The site’s Palace Museum said it was “deeply distressed and sincerely apologises to the public”.

A statement confirmed that the incident had happened on Monday.

The Forbidden City was China’s former imperial palace between the years 1420 and 1912. It is a World Heritage Site and one of the most heavily-guarded areas of China.

How did this happen?

Image copyright AFP
Image caption Beijing is one of China’s top tourism sites during Spring Festival

When social media users saw pictures uploaded to the popular Sina Weibo microblog by Ms Lu on 17 January, inside the empty site on a clear day, people quickly started asking questions.

Currently, it is Spring Festival, one of China’s biggest public holidays, when there is mass migration across China to popular tourist destinations.

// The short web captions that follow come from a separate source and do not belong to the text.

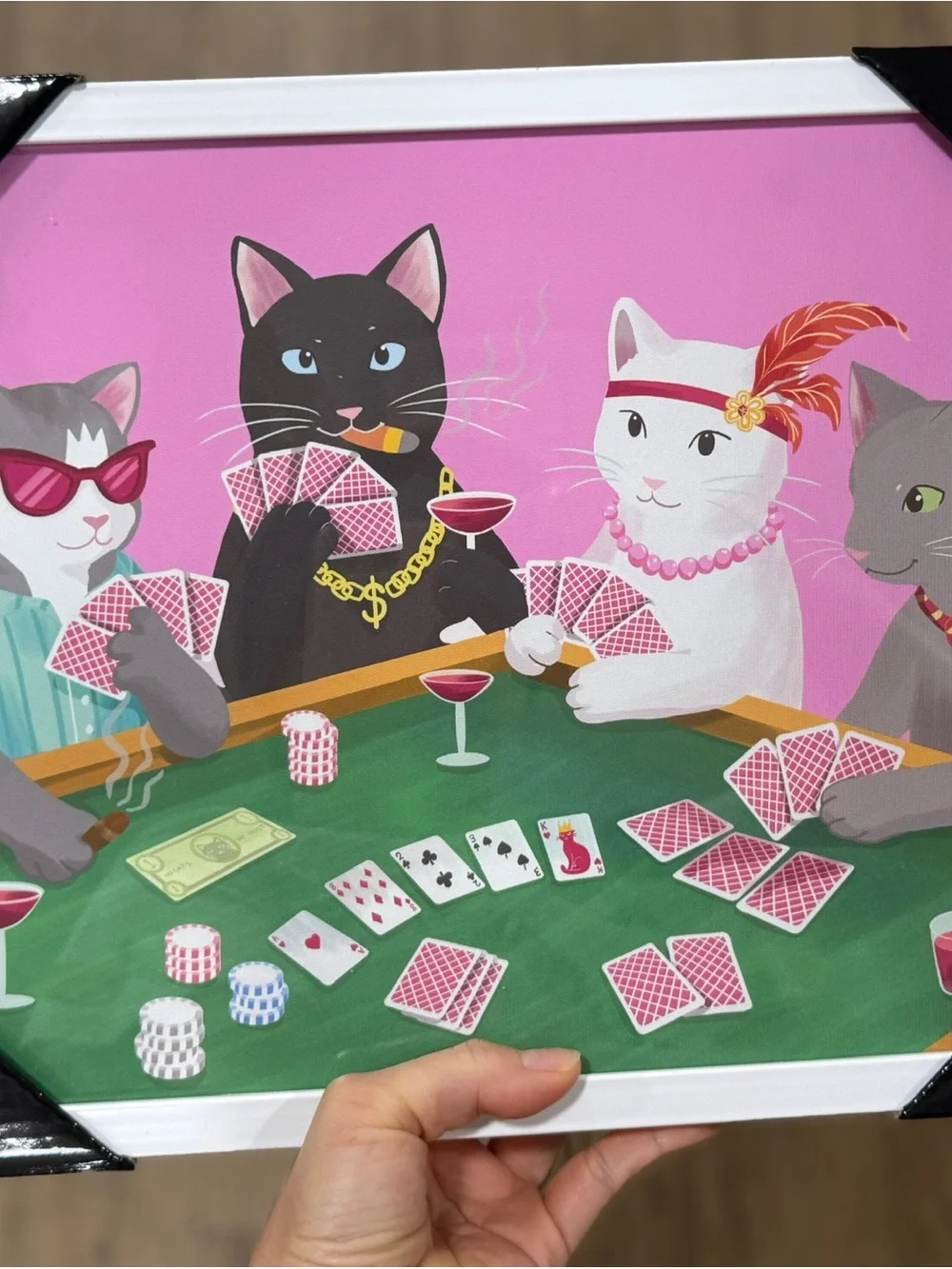 Decorative Pink Cat Poker Wall Art Print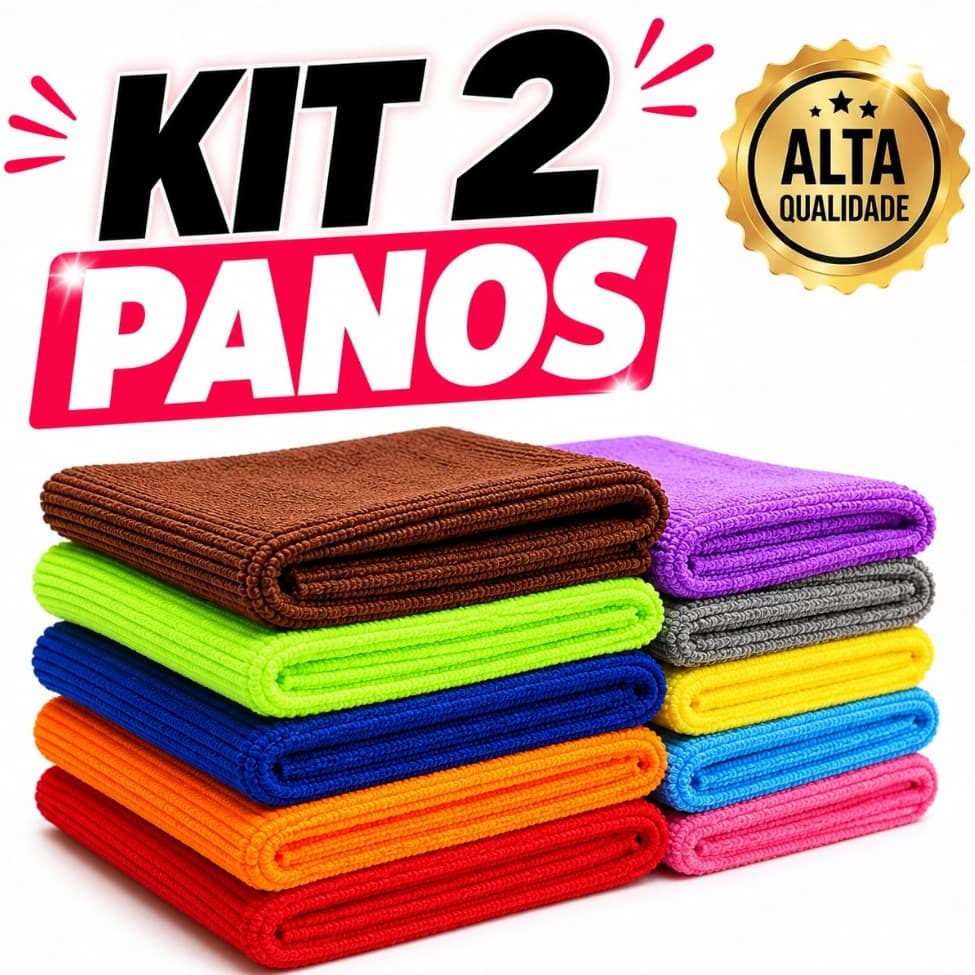 Kit 2 Panos de Microfibra 40x40cm Multiuso Limpeza Carro e Casa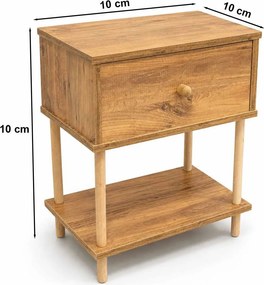 Κομοδίνο Πεύκο LIFLILO 50x32x64.4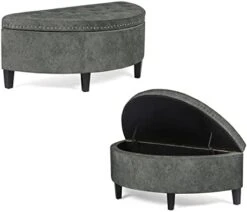 Joveco 43.5" Storage Bench- Velvet Half Moon Ottoman- Tufted Storage Ottoman With Rivet- Half Moon Storage Ottoman- Toy Chests & Storage Bench For Bedroom And Entryway (Gray) -Safavieh Furniture 31GKvNQOyWL. AC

Beijing and its landmarks at this time of year are notoriously flooded with people.

Ms Lu posted several pictures on her Weibo account saying “On Monday the Palace Museum is closed, so I hurried over, hid from the crowds, and went to play in the Forbidden City.”

Weibo users were stunned to see not only pictures of Ms Lu and her friend at an empty site, but also her huge luxury car, which she drove onto the complex.

The Forbidden City often closes on Mondays, to allow for maintenance and renovation work.

Image copyright Getty Images
Image caption 19 million people visited the Forbidden City in 2019

Who is she?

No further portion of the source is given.